Continuous delivery for machine learning
Getting machine learning applications into production is hard
In modern software development, we’ve grown to expect that new software features and enhancements will simply appear incrementally, on any given day. This applies to consumer applications such as mobile, web, desktop apps as well as modern enterprise software. We’re no longer tolerant of big, disruptive, deployments of software. ThoughtWorks has been a pioneer in Continuous Delivery (CD), a set of principles and practices that improve the throughput of delivering software to production, in a safe and reliable way.
As organizations move to become more “data-driven” or “AI-driven”, it’s increasingly important to incorporate data science and data engineering approaches into the software development process to avoid silos that hinder efficient collaboration and alignment. However, this integration also brings new challenges when compared to traditional software development. These include:
A higher number of changing artifacts. Not only do we have to manage the software code artifacts but also the data sets, the machine learning models, and the parameters and hyperparameters used by such models. All these artifacts have to be managed, versioned and promoted through different stages until they’re deployed to production. It’s harder to achieve versioning, quality control, reliability, repeatability and audibility in that process.

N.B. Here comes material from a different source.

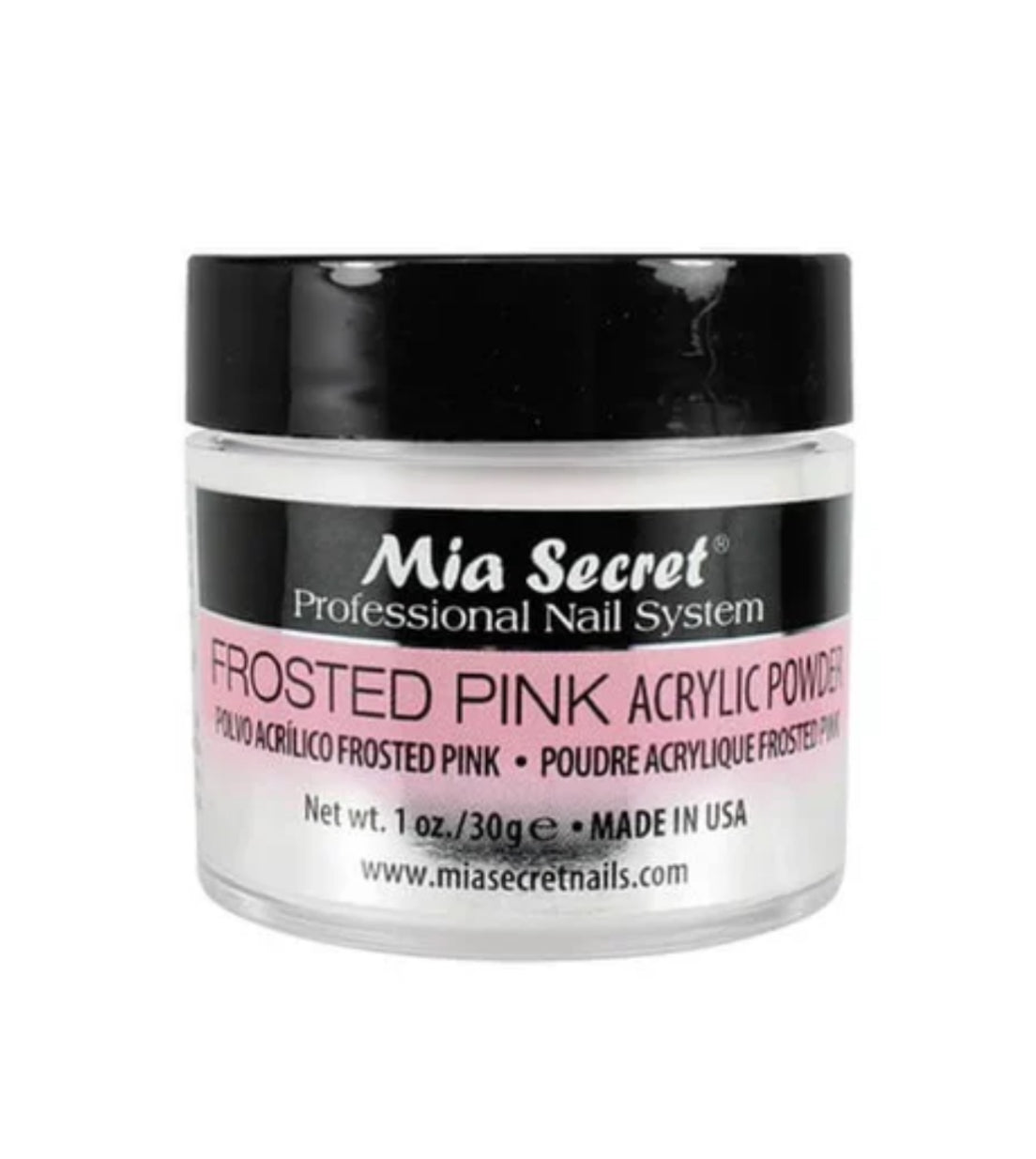 FROSTED PINK ACRYLIC POWDER.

Size and portability: Training data and machine learning models usually come in volumes that are orders of magnitude higher than the size of the software code. As such they require different tools that are able to handle them efficiently. These tools impede the use of a single unified format to share those artifacts along the path to production, which can lead to a “throw over the wall” attitude between different teams.
Different skills and working processes in the workforce: To develop machine learning applications, experts with complementary skills are necessary, and they sometimes have contradicting goals, approaches and working processes:
- Data Scientists look into the data, extract features and try to find models which best fit the data to achieve the predictive and prescriptive insights they seek out. They prefer a scientific approach by defining hypotheses and verifying or rejecting them based on the data. They need tools for data wrangling, parallel experimentation, rapid prototyping, data visualization, and for training multiple models at scale.

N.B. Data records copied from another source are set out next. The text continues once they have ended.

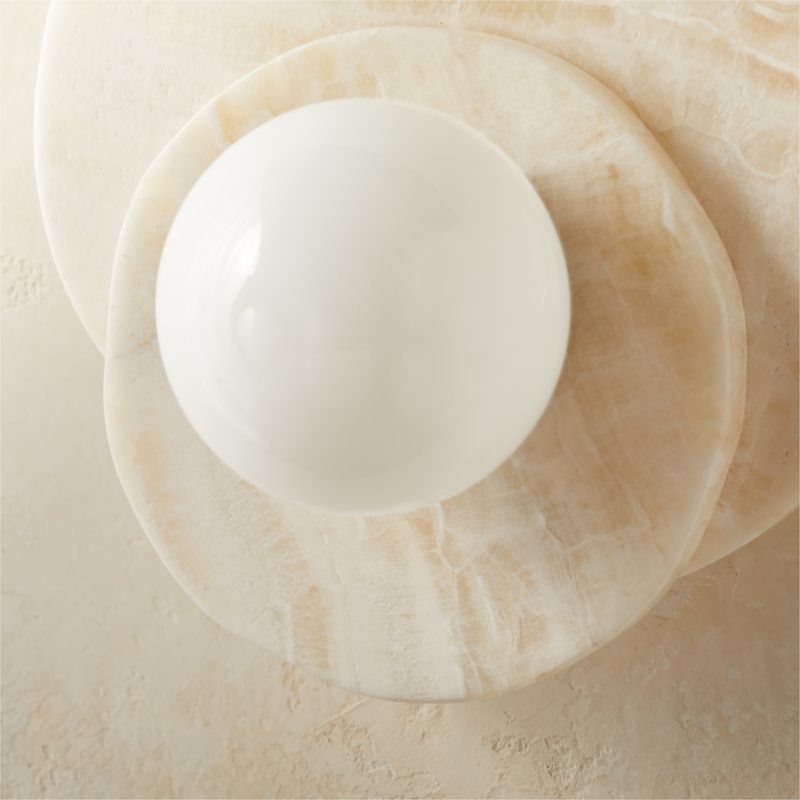Astr White Onyx Wall Sconce Set of 2 - Image 3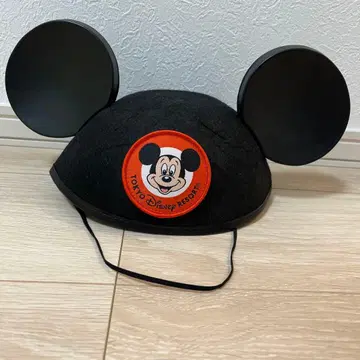 새상품급 미키마우스 팬캡 귀도리 모자 이어햇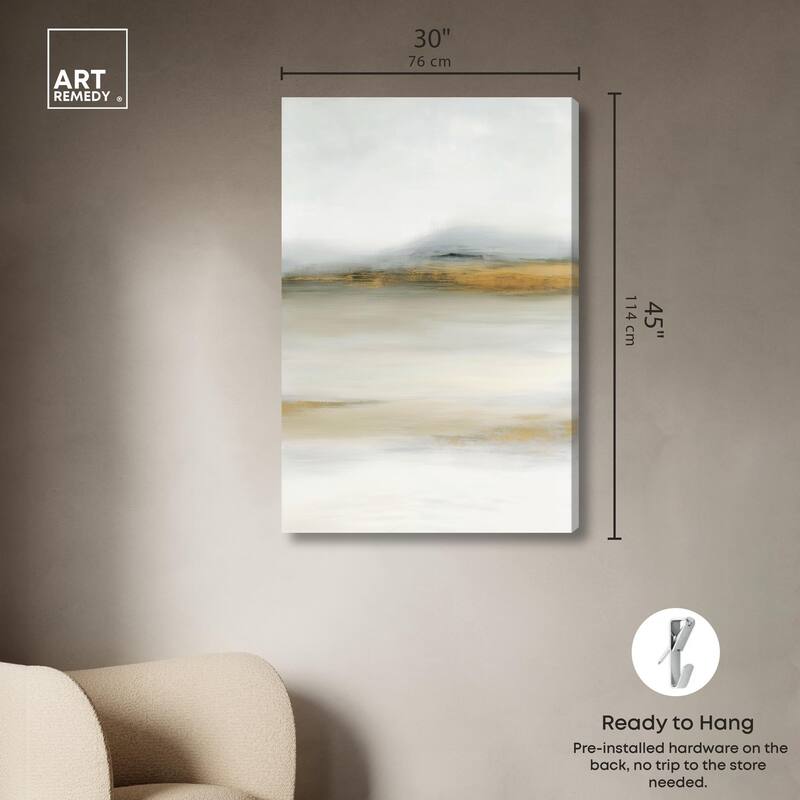 Misty Expanse II Canvas by Art Remedy, Gallery Wrapped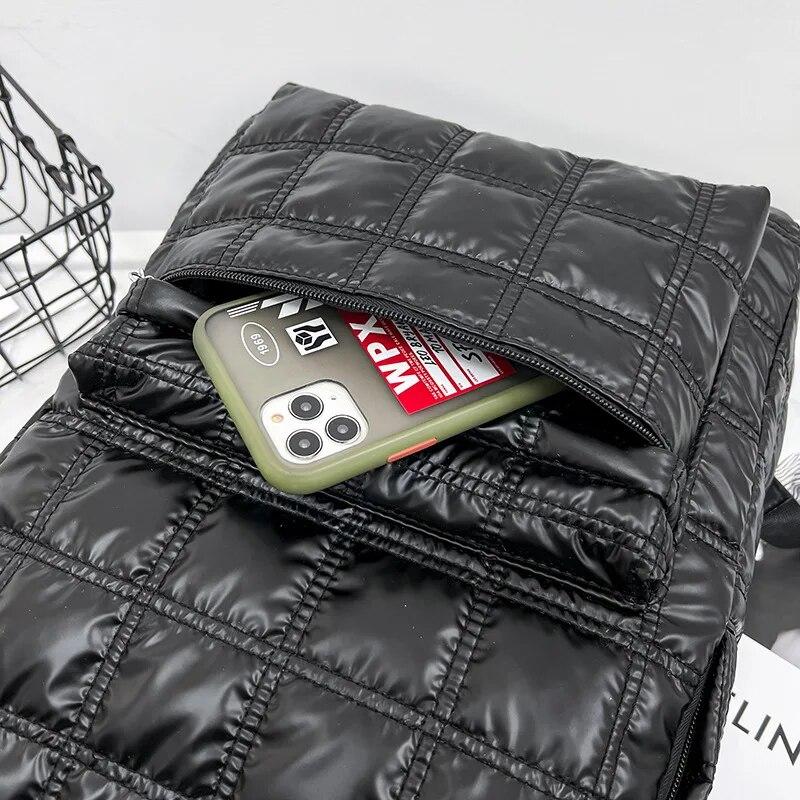 2024 Fashion Backpack Women's New Fashion Space Cotton Large Capacity Travel Backpack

- Developers and machine learning engineers aim for a clear path to incorporate and use the models in a real application or service. They want to ensure that these models are running as reliably, securely, efficiently and as scalable as possible.
- Data engineers do the work needed to ensure that the right data is always up-to-date and accessible, in the required amount, shape, speed, granularity, with high quality, and minimal cost.
- Business representatives define the outcomes to guide the data scientists’ research and exploration, and the KPIs to evaluate if the machine learning system is achieving the desired results with the desired quality levels.
Continuous Delivery for Machine Learning (CD4ML) is the technical approach to solve these challenges, bringing these groups together to develop, deliver, and continuously improve machine learning applications.